- _Work required_: Below are records; extract exactly the lines from the one containing "ขายด่วน!!!อาคาร 5 ชั้น" through the last, both included, and keep the pictures out.

- _Records to process_:
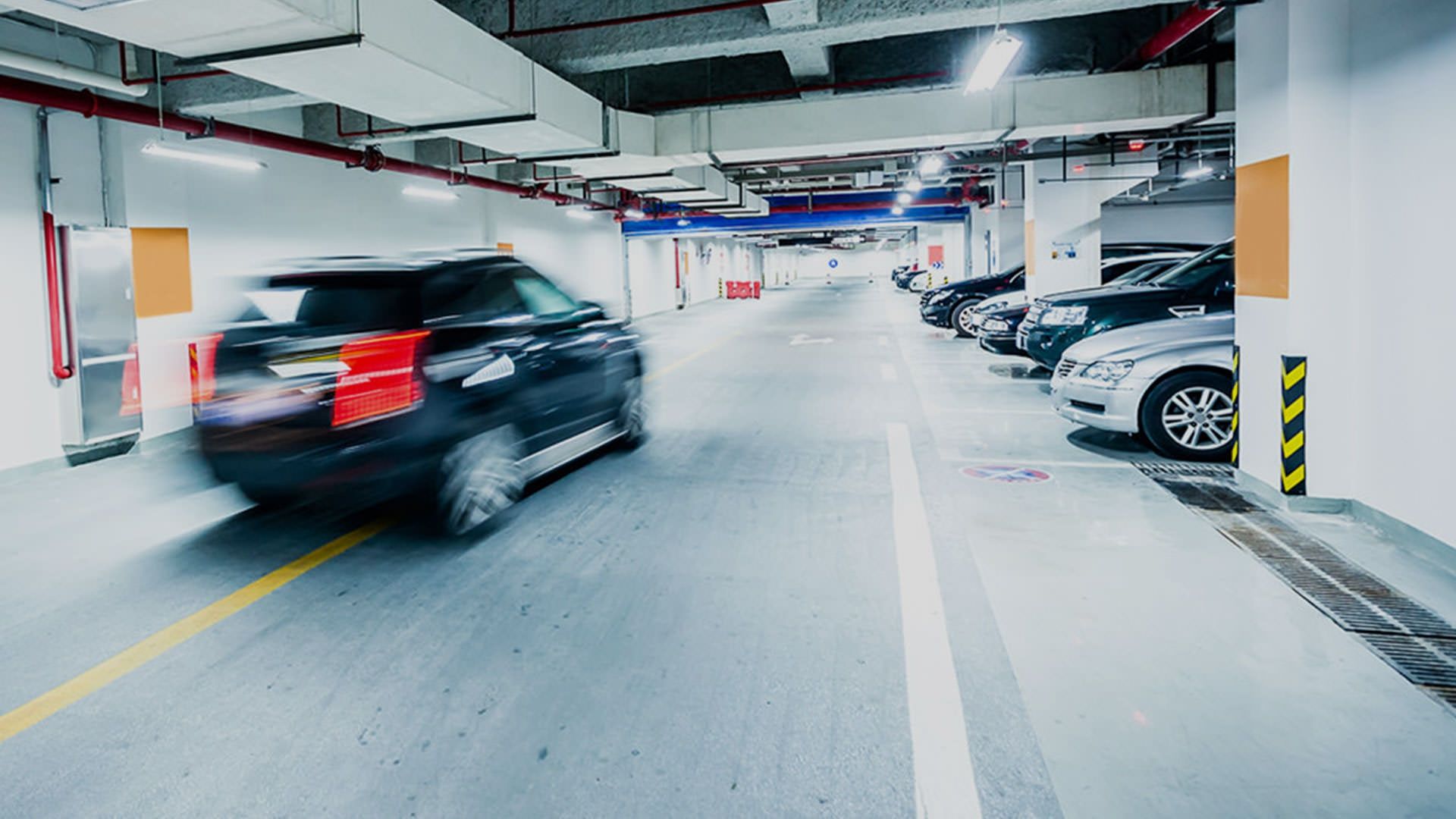 Автомобілі Ford навчаться підшукувати вільні стоянки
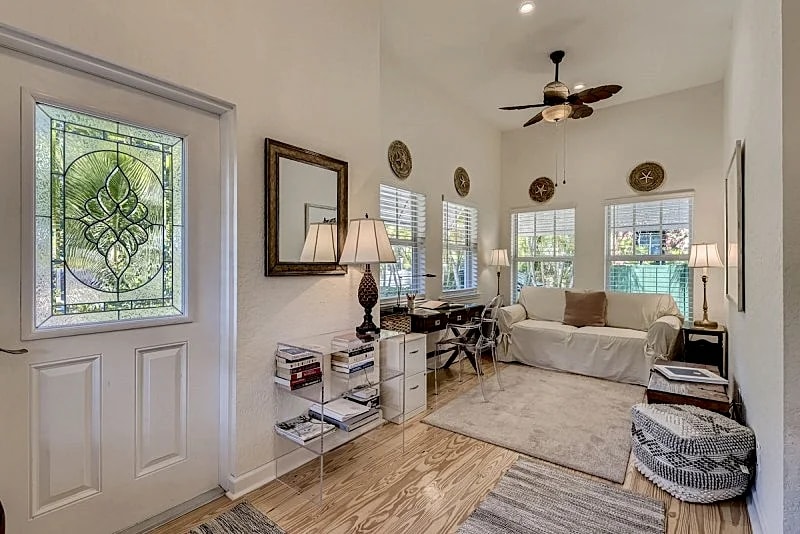 4bd/3ba Compound | Pool and Parking | Sleep 8 - WPB in West Palm Beach, Florida, United States — photo 4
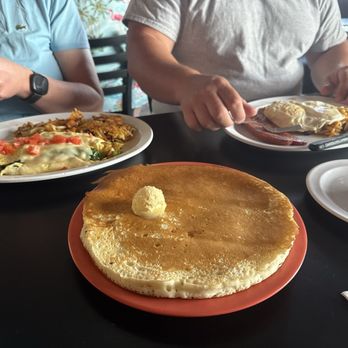 Sage Port Grille - This pancake was superb. Everyone loved their food. - American Near Me - Richland, Washington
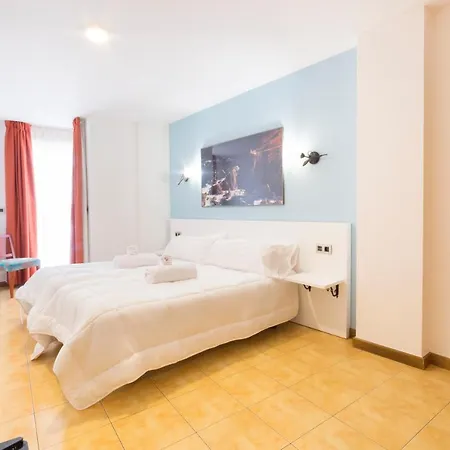 Stellae Luscofusco * Σαντιάγο ντε Κομποστέλα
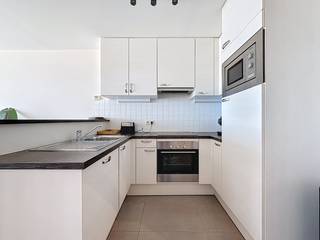 Geniet van rust, ruimte en zeezicht in dit instapklare appartement op de zesde verdieping van een verzorgd gebouw op de Zeedijk van De Panne.<br />Het appartement is in perfecte staat en beschikt over een zongericht terras aan de achterzijde, ideaal te genieten van de zon. Vooraan biedt het grote raam een adembenemend uitzicht op zee.<br />Een unieke kans voor wie op zoek is naar een tweede verblijf of investering aan de kust! Referentie Estelle 0601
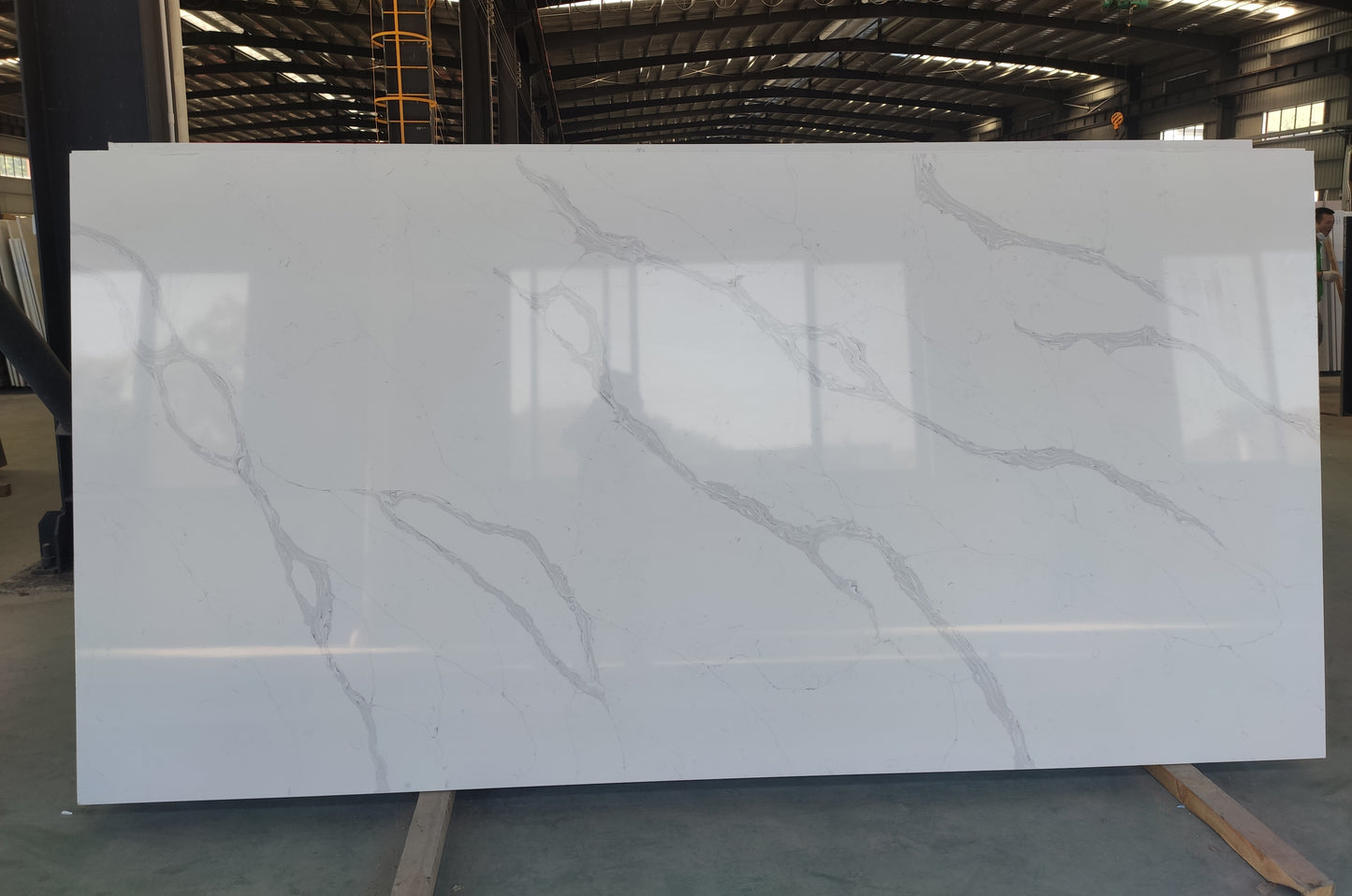 Dalle de quartz Calacatta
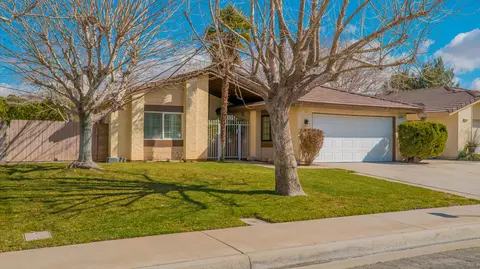 44312 Ruthron Ave, Lancaster, CA 93536 photo 3
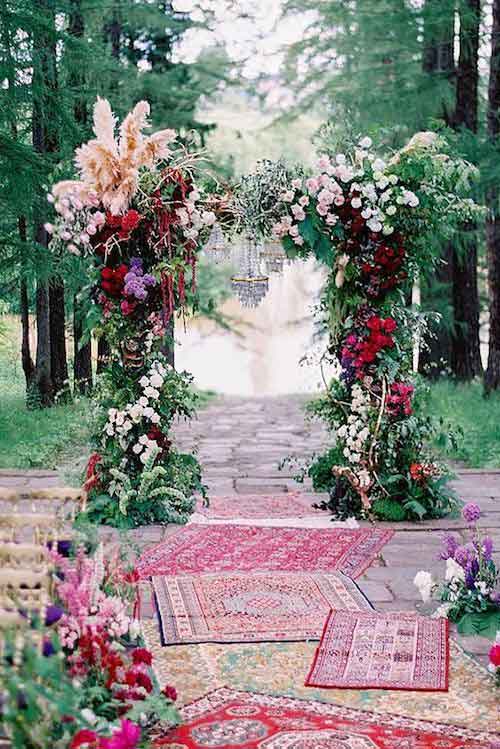 Arco de boda para celebrar boda bohemia
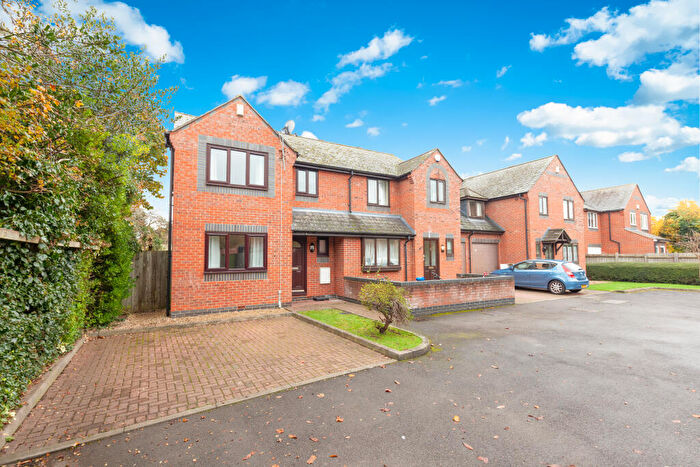 3 Bedroom End Of Terrace House To Rent In Orchard Court, Oxford, OX4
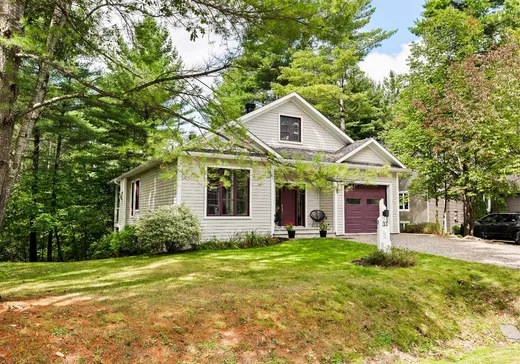 Maison à vendre - 33 Rue des Orioles, Magog, J1X 7B8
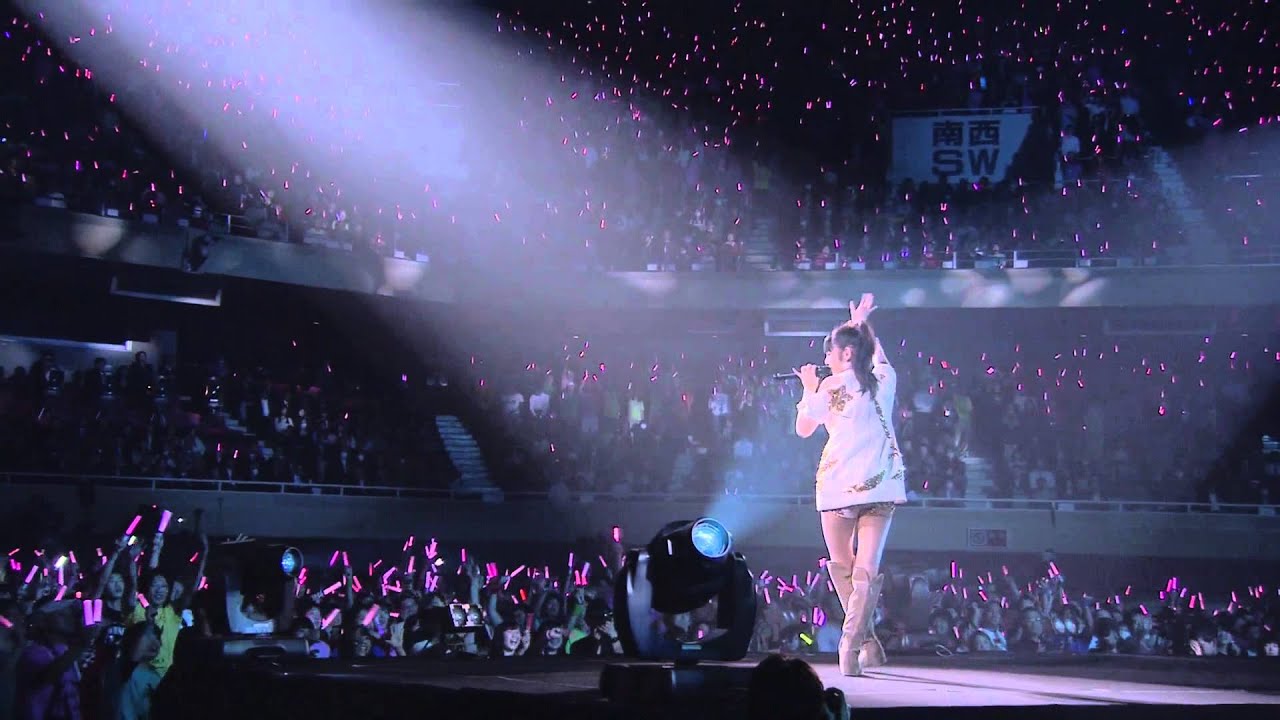 ピンク色に染まる武道館（道重さゆみ：歩いてる～ラララのピピピ）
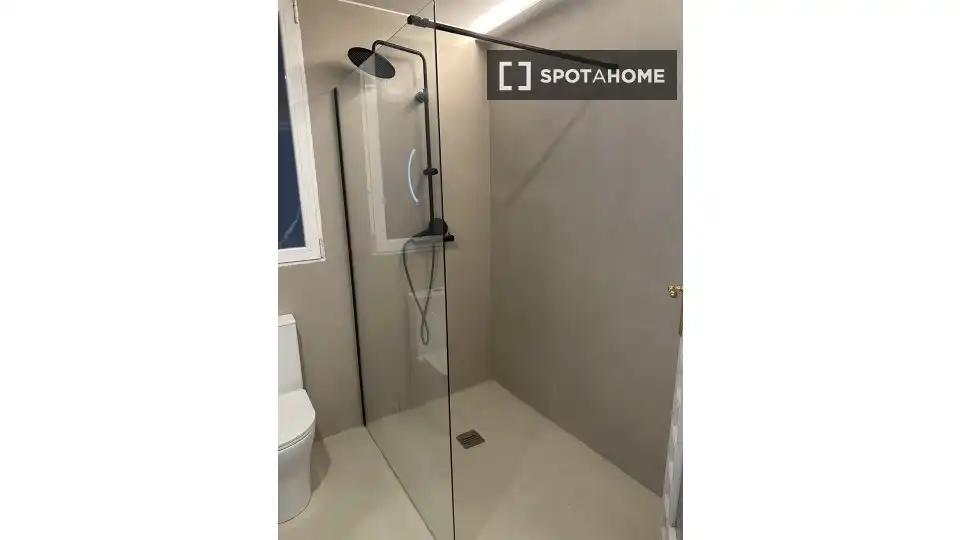 Bathroom of Flat for rent in Valencia  with Air Conditioner, Heating and Furnished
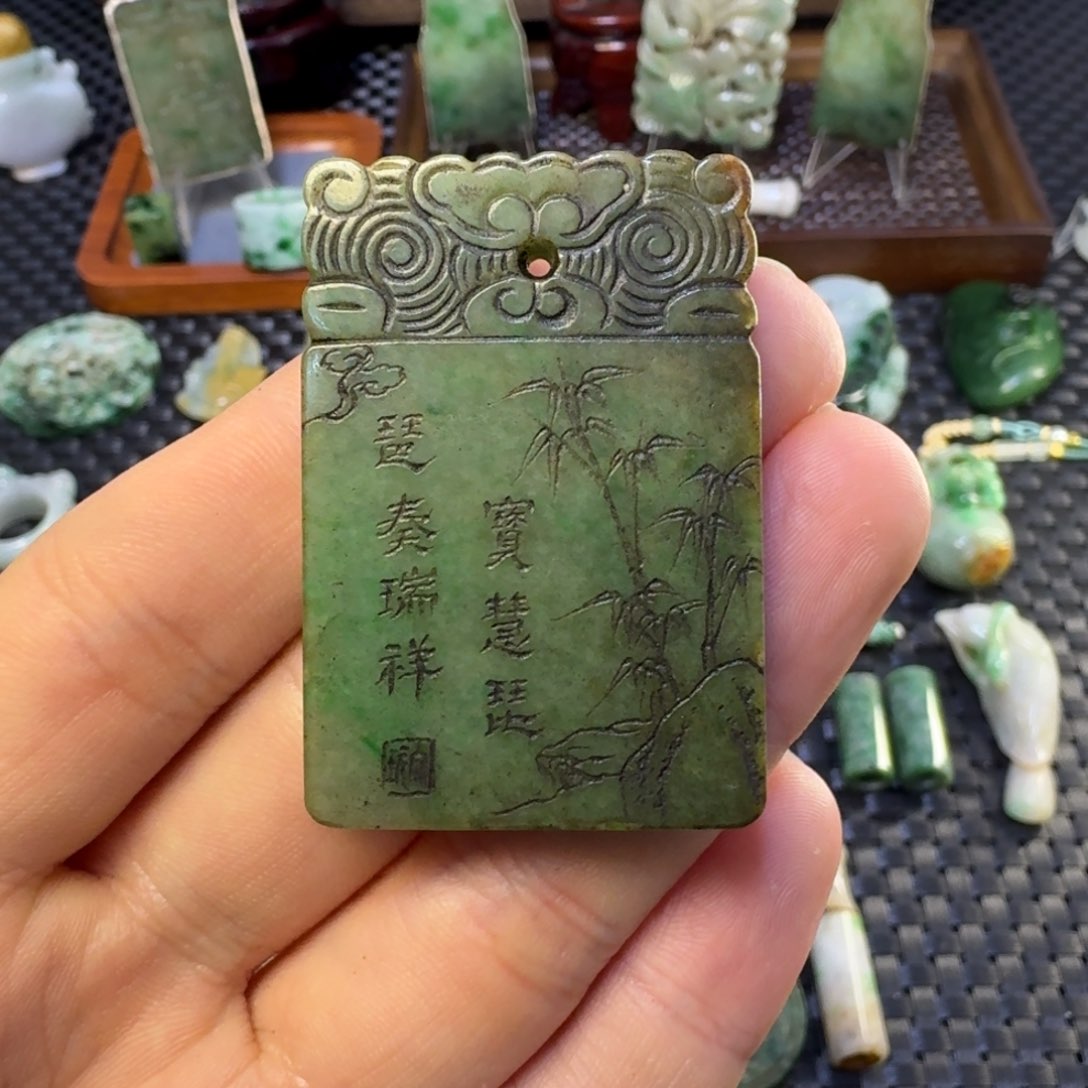 翡翠颈饰未镶嵌翡翠颈饰未镶嵌..
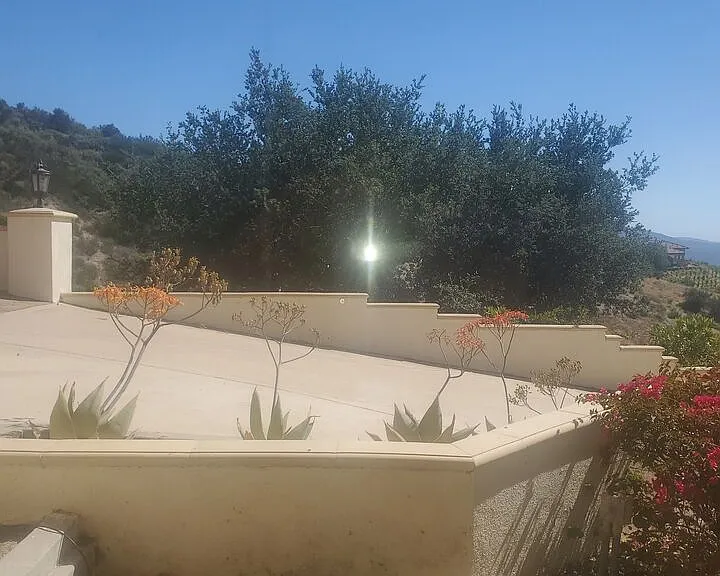 Parado Del Sol Dr — Photo 24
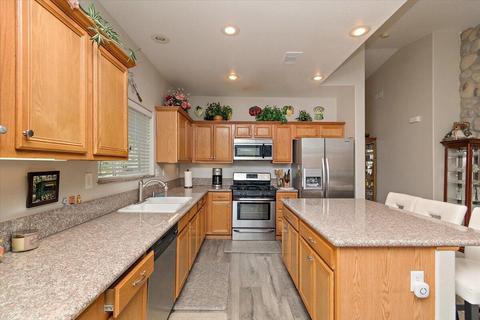 1625 Malabar Way, Big Bear City, CA 92314 photo 11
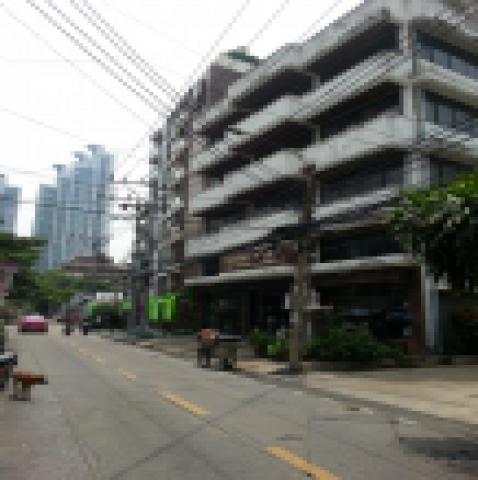 ขายด่วน!!!อาคาร 5 ชั้น สุขุมวิทซอย 16 ติดถนน 3 ด้าน  (148 ตรว.)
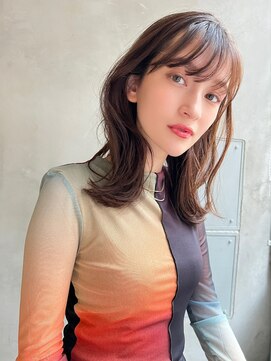 メーヴェ(Mowen) mowen×シースルーバング×顔周りレイヤー×スモーキーブラウン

- _Answer area_:
 ขายด่วน!!!อาคาร 5 ชั้น สุขุมวิทซอย 16 ติดถนน 3 ด้าน  (148 ตรว.)
 メーヴェ(Mowen) mowen×シースルーバング×顔周りレイヤー×スモーキーブラウン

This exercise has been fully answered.